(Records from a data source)
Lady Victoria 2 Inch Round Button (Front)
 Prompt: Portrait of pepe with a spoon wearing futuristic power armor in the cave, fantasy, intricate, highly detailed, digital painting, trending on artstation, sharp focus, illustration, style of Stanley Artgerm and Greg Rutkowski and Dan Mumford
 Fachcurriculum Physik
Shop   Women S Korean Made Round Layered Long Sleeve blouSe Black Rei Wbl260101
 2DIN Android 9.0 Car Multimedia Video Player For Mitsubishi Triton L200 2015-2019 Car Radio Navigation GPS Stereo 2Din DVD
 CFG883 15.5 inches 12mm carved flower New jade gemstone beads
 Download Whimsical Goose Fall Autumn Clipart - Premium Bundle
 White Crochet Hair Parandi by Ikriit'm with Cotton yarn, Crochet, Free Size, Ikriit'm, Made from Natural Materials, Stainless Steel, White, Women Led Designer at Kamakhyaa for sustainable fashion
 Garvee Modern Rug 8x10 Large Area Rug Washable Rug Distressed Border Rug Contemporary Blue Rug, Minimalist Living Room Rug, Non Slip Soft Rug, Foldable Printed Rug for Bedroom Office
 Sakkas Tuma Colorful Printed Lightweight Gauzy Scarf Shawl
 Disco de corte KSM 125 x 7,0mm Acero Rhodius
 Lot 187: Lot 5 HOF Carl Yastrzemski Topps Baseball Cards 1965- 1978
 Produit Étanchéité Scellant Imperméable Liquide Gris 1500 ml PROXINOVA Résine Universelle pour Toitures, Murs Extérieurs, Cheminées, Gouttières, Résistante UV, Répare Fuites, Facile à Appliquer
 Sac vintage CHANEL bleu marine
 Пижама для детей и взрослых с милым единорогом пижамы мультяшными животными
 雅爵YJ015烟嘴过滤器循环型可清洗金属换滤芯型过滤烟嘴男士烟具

**TASK OBJECTIVE:**
Please write out all the data above, exactly as it reads.

**RESPONSE BOX:**
Lady Victoria 2 Inch Round Button (Front)
 Prompt: Portrait of pepe with a spoon wearing futuristic power armor in the cave, fantasy, intricate, highly detailed, digital painting, trending on artstation, sharp focus, illustration, style of Stanley Artgerm and Greg Rutkowski and Dan Mumford
 Fachcurriculum Physik
Shop   Women S Korean Made Round Layered Long Sleeve blouSe Black Rei Wbl260101
 2DIN Android 9.0 Car Multimedia Video Player For Mitsubishi Triton L200 2015-2019 Car Radio Navigation GPS Stereo 2Din DVD
 CFG883 15.5 inches 12mm carved flower New jade gemstone beads
 Download Whimsical Goose Fall Autumn Clipart - Premium Bundle
 White Crochet Hair Parandi by Ikriit'm with Cotton yarn, Crochet, Free Size, Ikriit'm, Made from Natural Materials, Stainless Steel, White, Women Led Designer at Kamakhyaa for sustainable fashion
 Garvee Modern Rug 8x10 Large Area Rug Washable Rug Distressed Border Rug Contemporary Blue Rug, Minimalist Living Room Rug, Non Slip Soft Rug, Foldable Printed Rug for Bedroom Office
 Sakkas Tuma Colorful Printed Lightweight Gauzy Scarf Shawl
 Disco de corte KSM 125 x 7,0mm Acero Rhodius
 Lot 187: Lot 5 HOF Carl Yastrzemski Topps Baseball Cards 1965- 1978
 Produit Étanchéité Scellant Imperméable Liquide Gris 1500 ml PROXINOVA Résine Universelle pour Toitures, Murs Extérieurs, Cheminées, Gouttières, Résistante UV, Répare Fuites, Facile à Appliquer
 Sac vintage CHANEL bleu marine
 Пижама для детей и взрослых с милым единорогом пижамы мультяшными животными
 雅爵YJ015烟嘴过滤器循环型可清洗金属换滤芯型过滤烟嘴男士烟具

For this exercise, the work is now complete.